# Download matrix file from GEO:

wget https://ftp.ncbi.nlm.nih.gov/geo/series/GSE114nnn/GSE114737/matrix/GSE114737_series_matrix.txt.gz

# Information was extracted from the GEO matrix files with a Perl script:

zcat GSE114737_series_matrix.txt.gz | ./singh19_extract_sample_info.pl > samples 

# Note the ad hoc correction of a formatting inconsistency for sample GSM314902 
# in the matrix file.

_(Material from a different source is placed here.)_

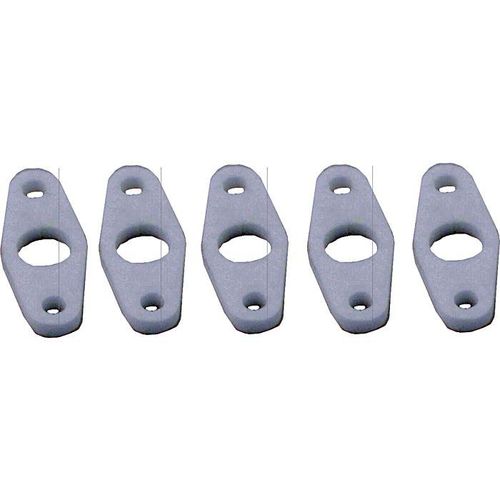 Wolf Dichtung Überwachungselektrode 8611176 5 Stück, für CGB ab 35kW u. MGK(-2)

To understand what's going on, try: 

zcat GSE114737_series_matrix.txt.gz | grep '^.Sample_relation.*SRA'  

# generation of SGA files:

# ./singh19_mk_sga.pl < samples | sh 2> /dev/null &

# or parallel execution 

sh dispatch_GSE114737.sh

# Note: the script ./singh19_mk_sga.pl calls another Perl script, ./srx2srr.pl, which
# extracts sequence run ids (SRR#) corresponinding to an expriment id (SRX#). This script,
# which accesses an html page at SRA, had to be updated in response to recent URL and
# format changes at the NCBI website. It may not work again in the future for the
# same reason. 

# Generation of sample description file

./singh19_mk_txt.pl < samples > ../singh19.txt